Accélérer la SMLM grâce au deep learning

La vitesse des méthodes de SMLM par exemple, PALM et STORM, est limitée par la nécessité d’acquérir jusqu’à des dizaines de milliers d’images de résolution classique pour obtenir une seule image super-résolutive. Pour y remédier, Christophe Zimmer et son équipe de l’unité Imagerie et modélisation à l’Institut Pasteur, avaient, en 2018, développé en 2018 la méthode ANNAPALM. Elle utilise le deep learning pour reconstruire des images SMLM à partir d’images de localisation clairsemées et rapidement acquises et /ou d’images à grand champ en un temps beaucoup plus court que dans la microscopie super-résolutive classique. Tellement que « nous avons à l’époque accéléré l’imagerie super-résolutive des microtubules d’environ 100 fois », explique Christophe Zimmer.

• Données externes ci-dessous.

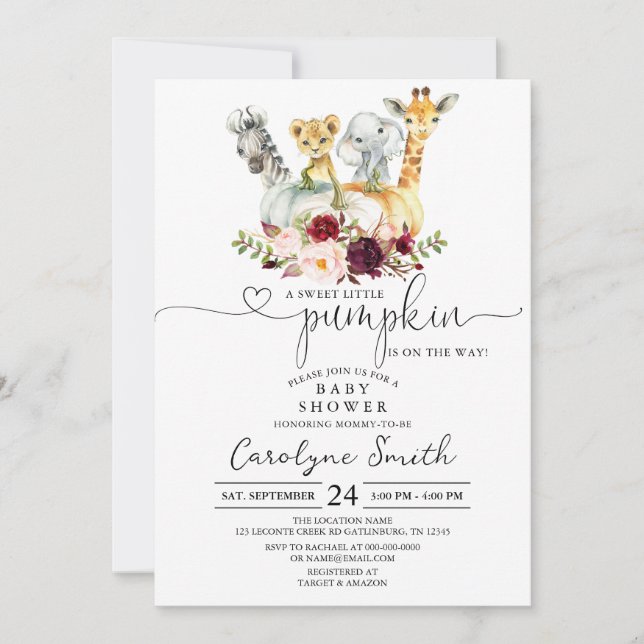 A Little Pumpkin Safari Animals Baby Shower Invitation (Front)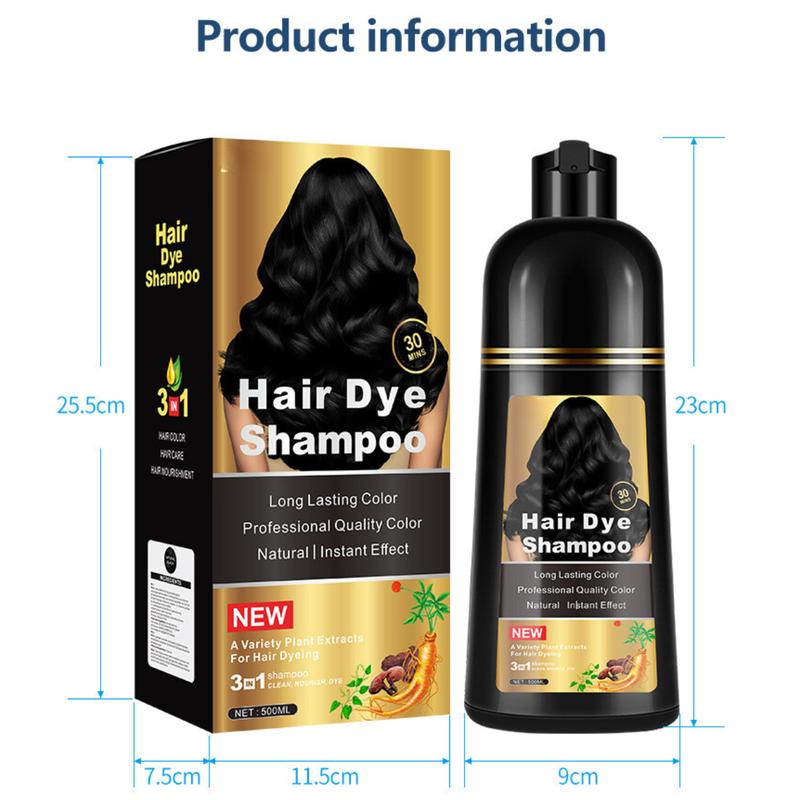 Hair Dye Shampoo 3 in 1 Instant Hair Color + 100% Grey Coverage - Herbal Ingredients, Gentle and Nourishing Formula, Long-lasting Shine, Easy to Use, Perfect for All Hair Types Haircare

De la nécessité du partage des données

Pour qu’un algorithme de deep learning soit performant, il doit être entraîné sur de grandes quantités de données très variées. Cependant, bien que nombreuses, les données de la SMLM sont peu partagées par les laboratoires, en partie du fait de la taille importante de chaque fichier (de l’ordre d’un DVD pour chaque image super-résolutive).

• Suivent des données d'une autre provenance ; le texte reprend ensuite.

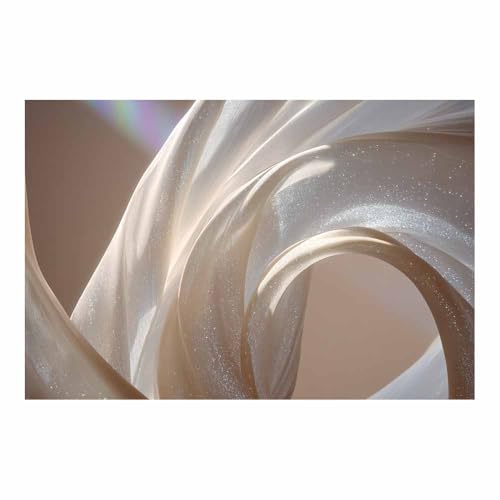CUDAOO Leinwandbilder Moderne Kunst Abstrakte Wanddeko Kunstdrucke Glitzernde Seide für Schlafzimmer Home Wohnung Bild Wohnzimmer(Beige17)-40x60cm Ungerahmt von CUDAOO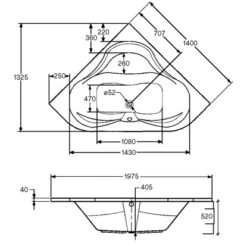 Eck-Badewanne Lucia 140 Cm Weiß -Home Bathroom 8521031 3209 skizze 2 1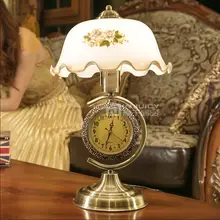 Американский Винтаж Романтика E27 база Светодиодная настольная лампа спальня железные стеклянные лампы Эдисона Настольный светильник с часами кафе бар стенд настольная лампа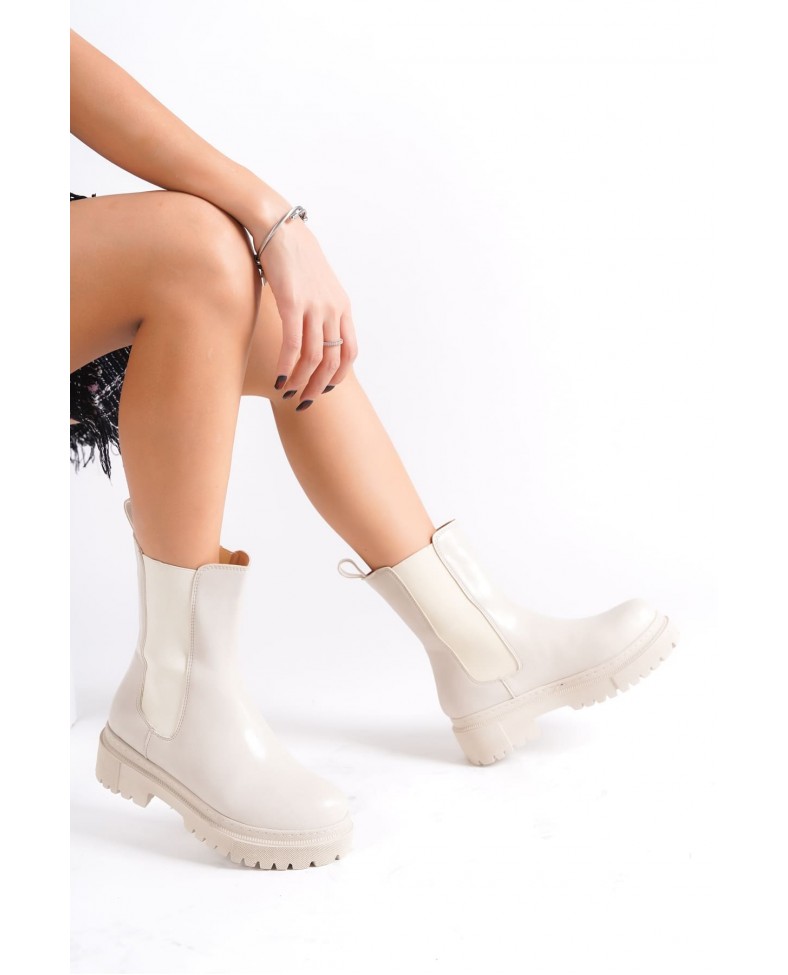 LORA Bağcıksız Lastikli Ortopedik Taban Kadın Bot  CKT - Krem Somersan Giyim | Kadın, Erkek ve Çocuk Moda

Pour faciliter le partage de données, les chercheurs proposent ShareLoc.XYZ, une plateforme en ligne qui permet de visualiser, annoter et partager des images SMLM en 2D ou 3D. Pour éviter des temps de chargement qui peuvent parfois dépasser l’heure, les images sont visualisées selon un principe de chargement dynamique, similaire à celui de Google Maps.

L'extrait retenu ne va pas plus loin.